Southern leopard Frog in Wise County. Photo by Michael Smith.
In a Texas Parks & Wildlife Department newsletter in 2013, Lee Ann Johnson Linam recalled that quote in an article. She grouped Texas frogs and toads according to the way their calls sounded, like “moaners” (many toad species), “trillers” (like the gray treefrog), and so on. With practice, we can identify many frogs and toads by their calls, just as we can identify the call of a cardinal or a meadowlark.
In gardens, parks and preserves around Dallas and Fort Worth, on spring nights we might hear the calls of many species of frogs and toads. There are 21 species that have been found in Tarrant and Dallas Counties, but many of those are found only in certain habitats. Some have declined in the Metroplex so that they show up rarely or not at all.
The nature tracking app iNaturalist is a good way to estimate what you might find in your location. A social media platform for nature nerds like me, iNaturalist allows anyone to post observations of things they have found. After you create an account, you can upload smartphone photos and add information about where you found it. If you can’t ID what you’ve seen, experts will do that for you. The data is then available for scientists and conservationists to use.
A Great Plains narrow-mouthed toad in Wise County. The narrow-mouthed "toad" is actually a small kind of frog. They sometimes share dens with tarantulas. Photo by Michael Smith.
FROG VS TOAD
What’s the difference between a frog and a toad? Typical toads have dry, warty skin and shorter back legs for hopping, while typical frogs have smooth, slimy skin and long back legs for leaping. However, there are all kinds of exceptions. For example, the narrow-mouthed “toad” is really a small kind of frog with smooth skin and small back legs.
Yes, the narrow-mouthed toad has a sort of narrow mouth on a little head. It is sometimes found sharing a burrow with a tarantula, where it presumably enjoys the moist darkness and the protection that comes from having a tarantula as a roommate. The spider seems to benefit because the little frog eats small insects that could harm the spider’s eggs.
THE MATING GAME
A green tree frog spotted at the Fort Worth Nature Center. Photo by Michael Smith.
The best time to hear frog calls is spring, when temperatures are warming and the rain comes, creating temporary ponds and filling roadside ditches. Most frogs and toads lay their eggs in water. Unless the pond is created by flooding from a nearby creek or river, a temporary pond doesn’t have fish in it. Lots of fish will eat frog eggs, so an “ephemeral” pond – one of those temporary ones – is where you often find frogs and toads breeding.
Their eggs are fertilized externally by the male frog or toad. For example, imagine a Gulf Coast toad singing his heart out at the edge of a little pond, a trill lasting several seconds and described as like a wooden ratchet being turned. Charmed by this lovely tune, a female arrives, and the male climbs onto her back in a way we might describe as “piggy-back” but is scientifically termed “amplexus.” In this position, as the female lays a string of eggs in the water, he can fertilize them as they are laid.
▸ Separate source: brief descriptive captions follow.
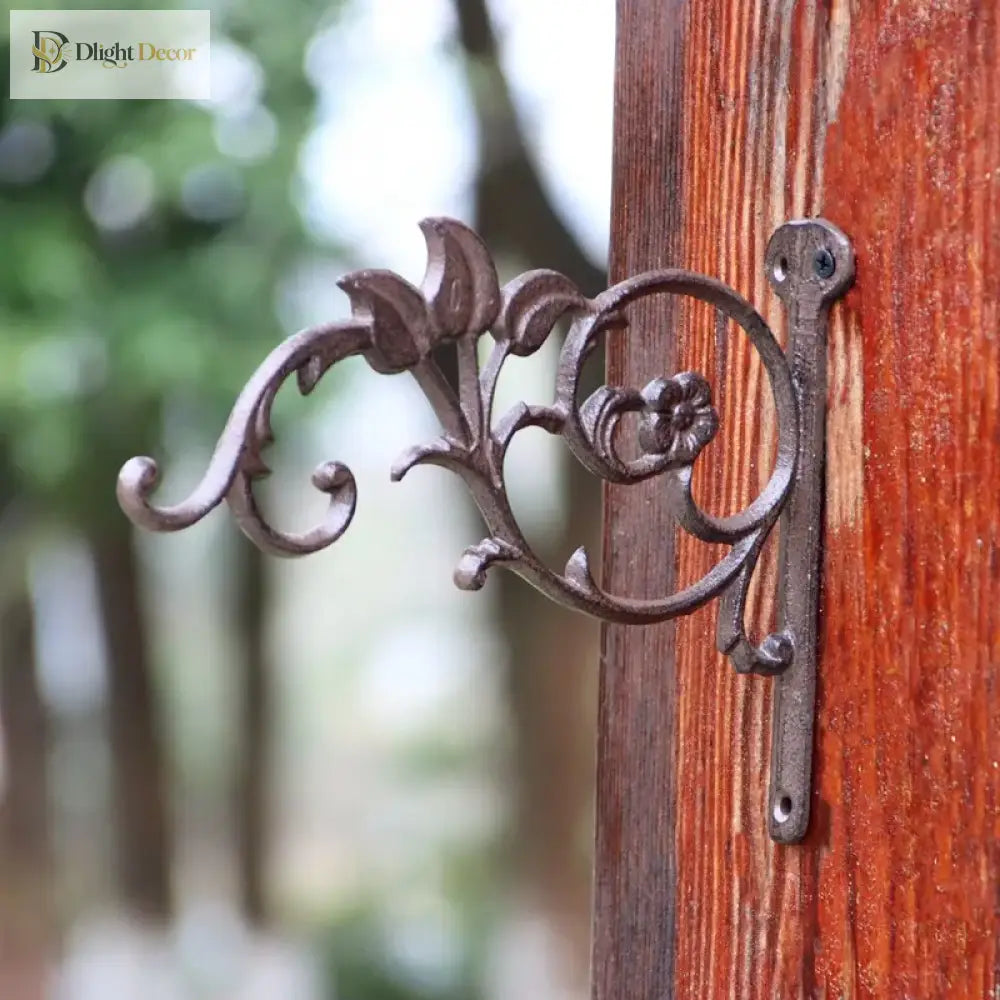 Cast iron right-angle wall shelf bracket with vine-like floral scroll and hook ends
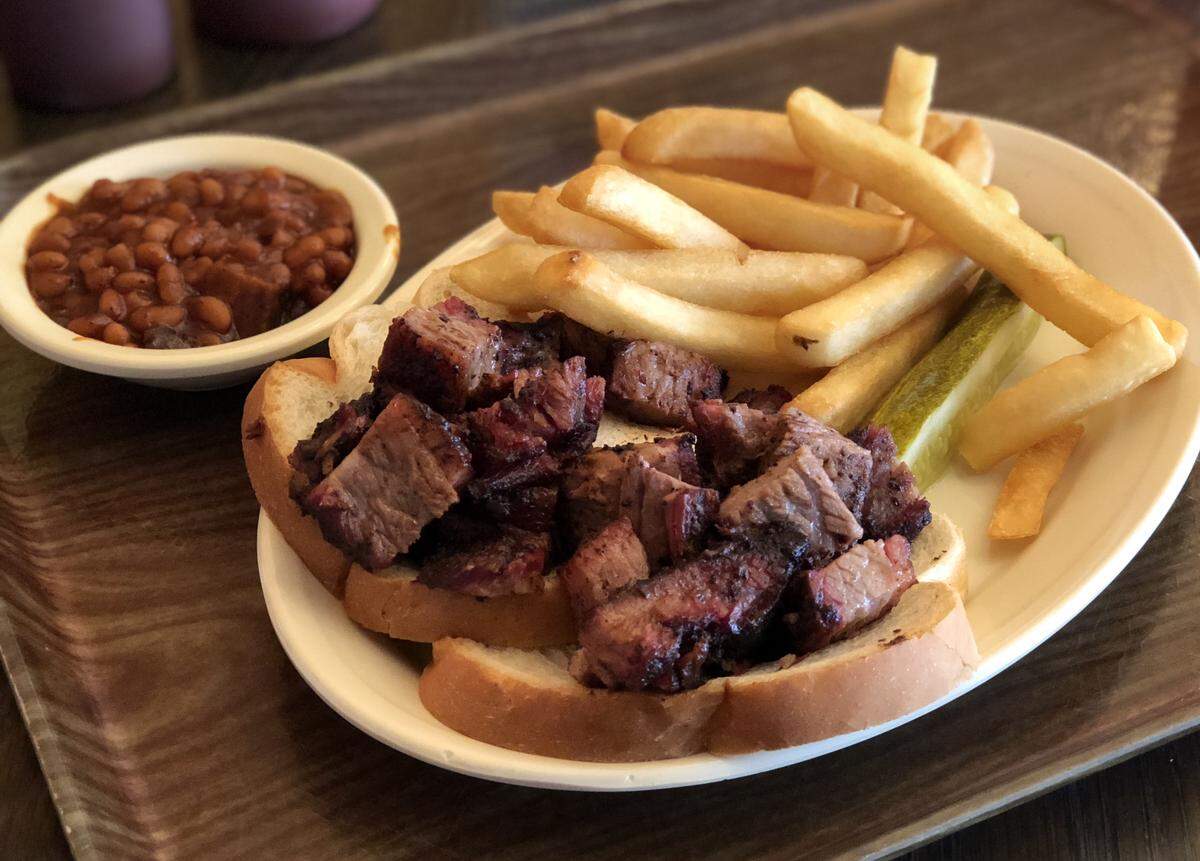 Zarda's Limited Reserve burnt ends are coated in a sweet and spicy dry rub and served open face on white bread with fries.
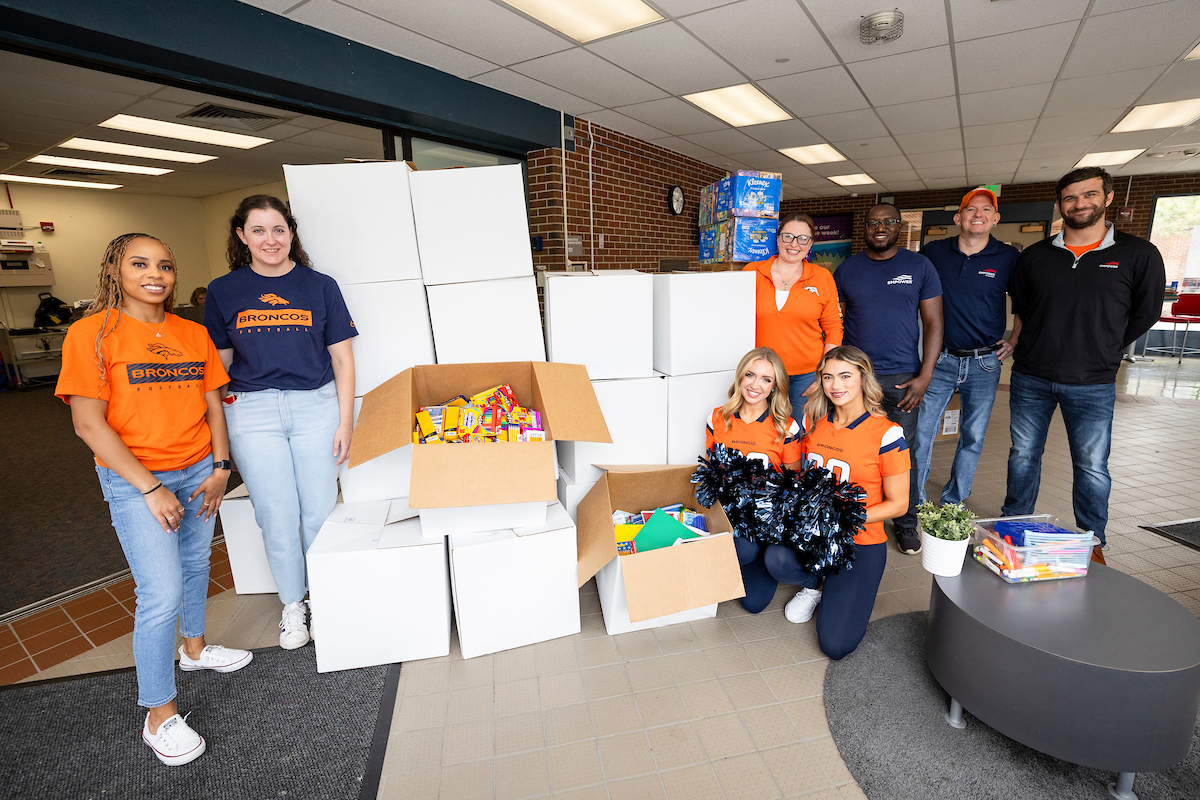 Broncos and Empower School Supplies Drive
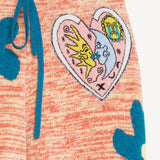 Front closeup view of multi floral drawstring pants on a white background, with no model shown.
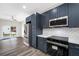 Modern kitchen featuring gray cabinets, stainless steel appliances, quartz countertops, and a decorative backsplash at 1030 11Th S Ave, St Petersburg, FL 33705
Within a few days, these clear, gelatinous eggs hatch into tiny dark tadpoles. These tadpoles feed on algae and decaying matter, growing quickly. If the pond is evaporating, they have to grow and transform into air-breathing toads before the water is gone.
As the tadpole grows, tiny buds appear at the base of the tail, and those will become back legs. An incredible transformation occurs, as breathing with gills will have to change to breathing air with lungs. A small mouth for scraping becomes bigger jaws and a tongue for catching insects. The whole gut must change from a plant-based to an animal-based diet. The tail shortens and is absorbed.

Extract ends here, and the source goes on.